Write out exactly the lines below starting at the one containing "Weisshorn 5 X" and ending at the one containing "Stepsister Showed How". Omit every picture.

*** Opening Data records ***

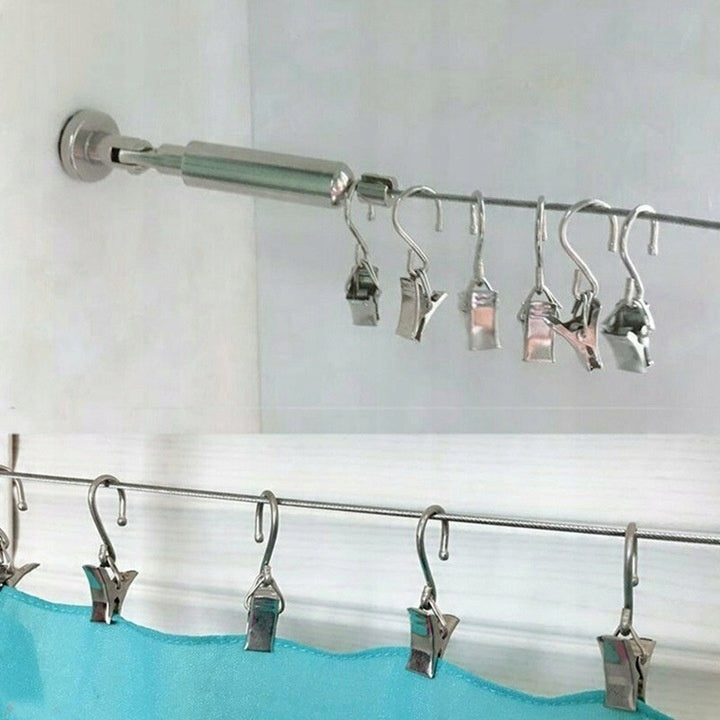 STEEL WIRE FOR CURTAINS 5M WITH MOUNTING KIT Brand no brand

*** Closing Data records ***
*** Opening Data records ***

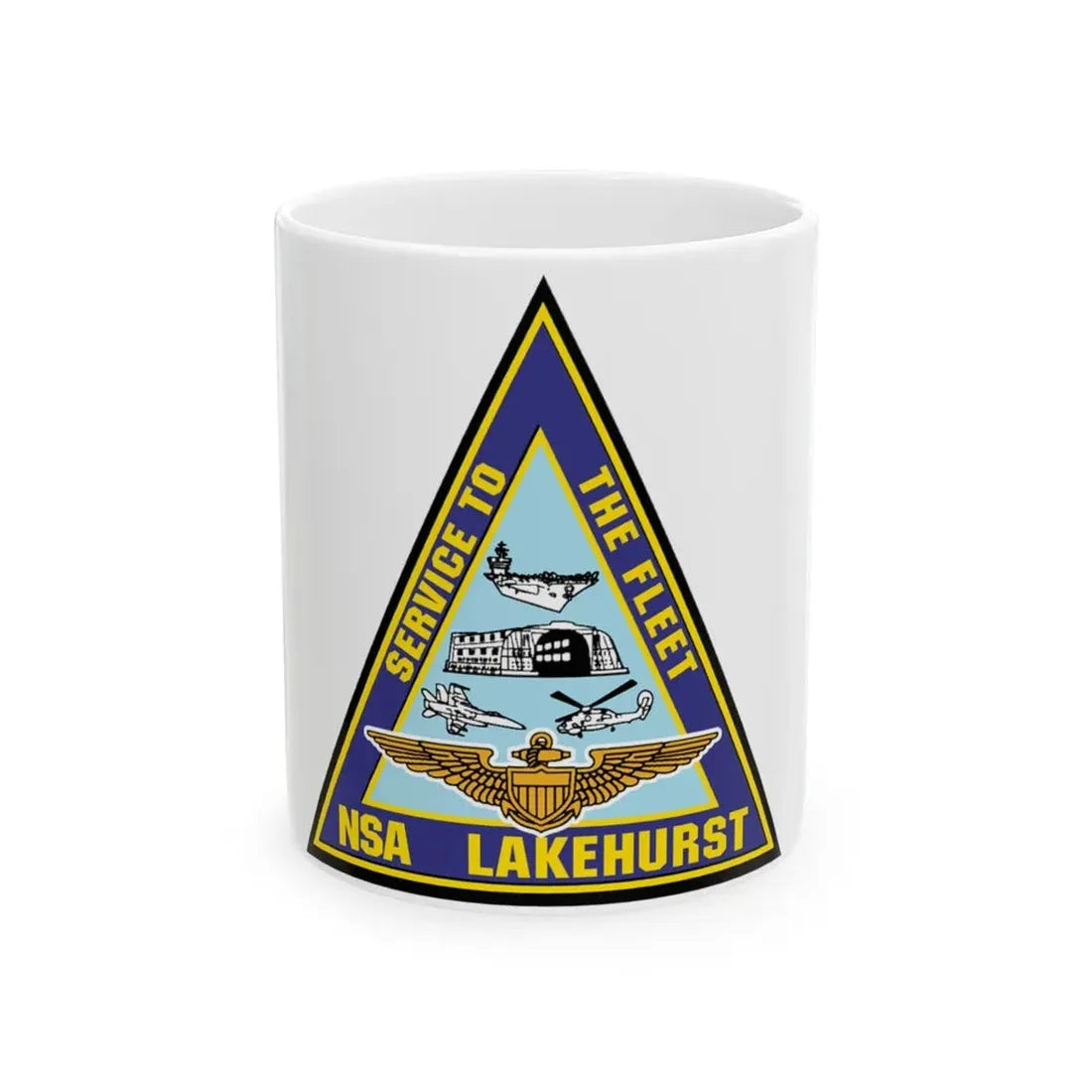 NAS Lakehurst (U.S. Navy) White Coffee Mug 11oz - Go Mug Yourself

*** Closing Data records ***
*** Opening Data records ***

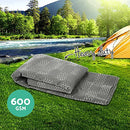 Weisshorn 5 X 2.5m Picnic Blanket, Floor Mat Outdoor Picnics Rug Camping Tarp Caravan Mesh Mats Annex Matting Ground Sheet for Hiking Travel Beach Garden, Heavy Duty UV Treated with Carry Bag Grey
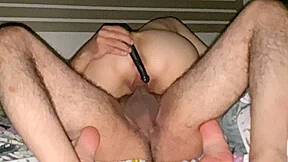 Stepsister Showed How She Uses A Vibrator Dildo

*** Closing Data records ***

| Response for this exercise |
 Weisshorn 5 X 2.5m Picnic Blanket, Floor Mat Outdoor Picnics Rug Camping Tarp Caravan Mesh Mats Annex Matting Ground Sheet for Hiking Travel Beach Garden, Heavy Duty UV Treated with Carry Bag Grey
 Stepsister Showed How She Uses A Vibrator Dildo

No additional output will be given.